SELECT col1, col2, col3 (and so on... end with), MAX(MyID) AS MaxMyID
INTO #Temp
FROM MyTable
group by col1, col2, col3 (and so on)
And for deleting the obselete rows:
delete from MyTable where MyID NOT IN (select MaxMyID From #Temp)
drop table #temp
June 17, 2004 at 1:01 pm
I am worried about adding a new column as well as the delete done in bulk (500000 rows) as it is a huge table. What do you think?
June 17, 2004 at 3:26 pm
You could create a cursor for the #temp table and delete rows one by one with the syntax WHERE CURRENT OF.
June 17, 2004 at 8:58 pm
Hi,
See this article.
http://www.sqlservercentral.com/columnists/ccubley/findinganddeletingduplicatedata.asp
good Luck,
K.Senthil Kumar
June 18, 2004 at 6:35 am
i suggest u, to
fire a query like
select count(*) as cnt,col1,col2 from table
group by
col1,col2
having count(*)>1
col1,and col2 are the column names which are supposed to be uniques
fire it in the query analyzer and then
make a view of that query
and then go to import/export wizard export that view to excel,
and show it to the conncerned person for verification and then go and delete those records,
that will be much more safer, because u will be showing it to the concerned authority
Best Luck
<a href="http://www.websolsoftware.com"> For IT jobs click here</a>
*Sukhoi*[font="Arial Narrow"][/font]
June 18, 2004 at 9:38 am
I've done this before with a correlated subquery.
Assuming you have an identity column named ID and columns FirstName, LastName,Zip for which each combination should be unique. You could run:
DELETE FROM mytable WHERE ID >
(SELECT MIN(ID) FROM mytable b where
mytable.FirstName=b.FirstName AND
mytable.Lastname=b.LastName AND
mytable.Zip=b.Zip)
This would delete all but the lowest ID record for each duplicate.
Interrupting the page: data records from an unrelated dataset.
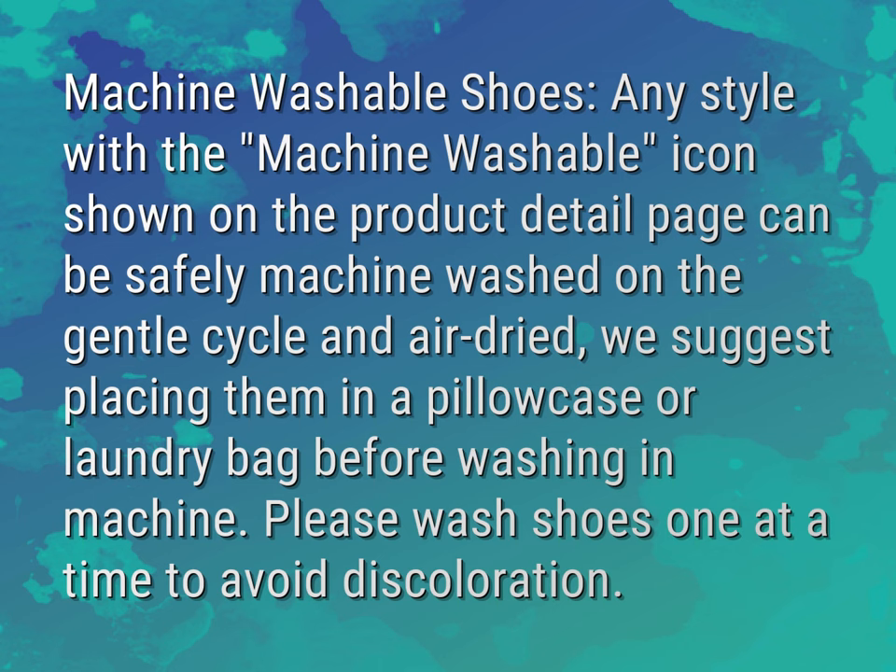We suggest placing them in a pillowcase or laundry bag before washing in the machine. Please wash shoes one at a time to avoid discoloration.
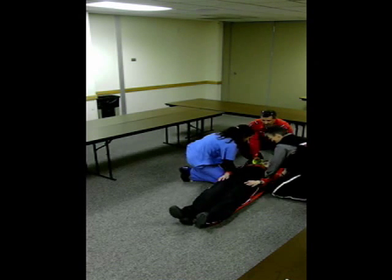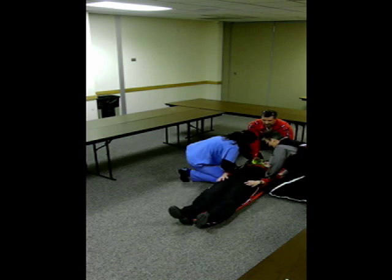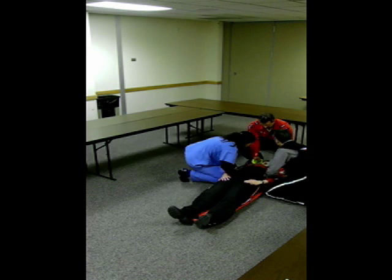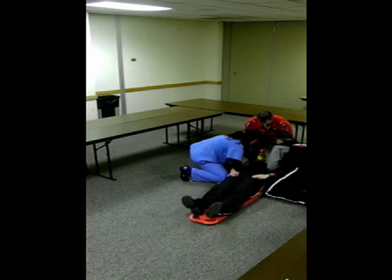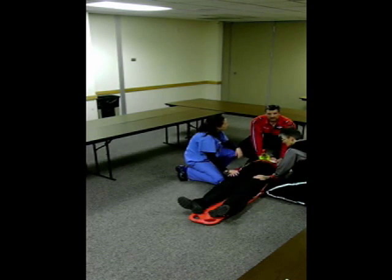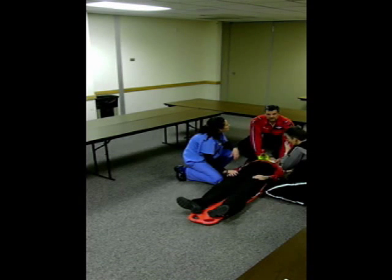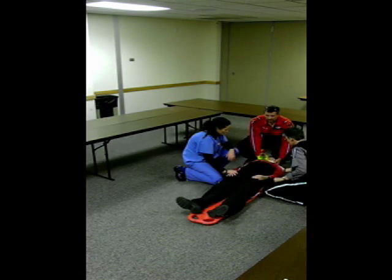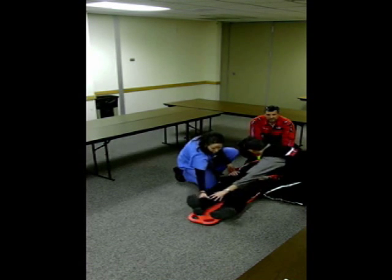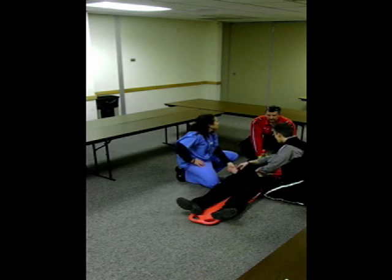Now we're going to reposition the patient so that they're fully on the board. When everybody's ready, on the three count we'll move the patient. One, two, three. From this point we will go ahead and apply head blocks that you would have in your departments and strap the patient down on the board. We check their distal pulse movement and sensation again. And if we had the time, we could pad any voids to make them more comfortable on the backboard.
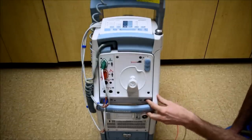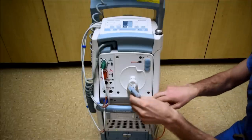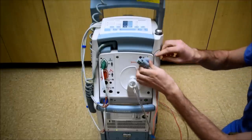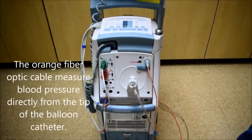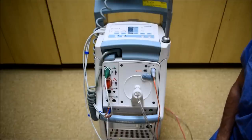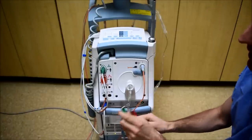To power on the balloon pump, press this button here. When you receive the lines from the sterile field, they're inserted here. This line is where helium is shuttled back and forth, and this is the fiber optic cable. The EKG line and pressure monitoring lines are connected here. This blue line is only for the purpose of this video as it goes to the simulator. If you're slaving from the patient's monitor, those lines are hooked up down here.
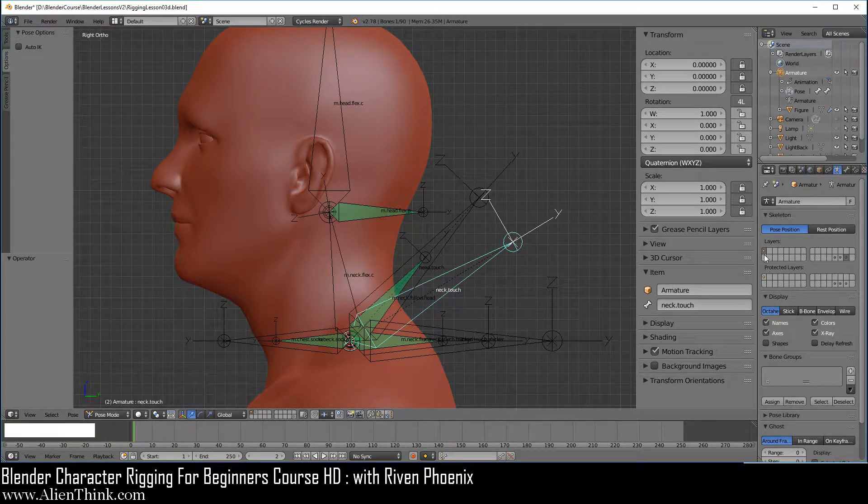The next thing I want you to do is make sure that this layer is on — this is where the neck dot touch and the head dot touch bones are. And the non-deform layer is on. Now press the shape key down and turn on the deformed bone layer.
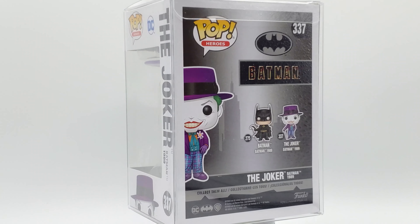You see on the other side of the box, you got a full portrait of him. He's got his cane, and he's just saying Pop Heroes. 89 Joker caged up. 89 Joker booty shot.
Alternatively, you could change it to an update query to mark the records to be kept. Whichever way you mark them could be used a criteria to delete them after review
June 18, 2004 at 9:48 am
To address your concern of too many records to delete (bulk delete) I suggest doing it in a loop by set rowcount 10000 so that a batch delete is done. it will definitely help with the trans. log not getting filled up too.
while <duplicates are there>
begin
set rowcount 10000
delete stmt for duplicates
set rowcount 0
if you do not care about logging the delete operation I suggest
dump tran <DB> with no_log
end
You can also include statements to display how many rec are deleted in each loop so that you can see the progress.
I definitely suggest batch delete..
Good luck!
June 18, 2004 at 10:38 am
Thanks everyone for all the good ideas. The only question that remains is the table does not have an identity column. So I guess I have to add a column and then assign an unique number programatically and update all the 10 million rows. If anyone gets a great idea, please update the forum as I expect a very long working week end doing this.
June 18, 2004 at 10:53 am
You don't have to assign the values programmatically. In the table designer, add a column with data type int then you can set the identity property to yes. By default SQL server will number the column starting with 1 and incrementing by 1.
June 18, 2004 at 11:02 am
I always thought that if there is an existing table and you add an identity column only new rows will get number assigned. I just tried and was wrong and thanks so much. This should make life pretty easy.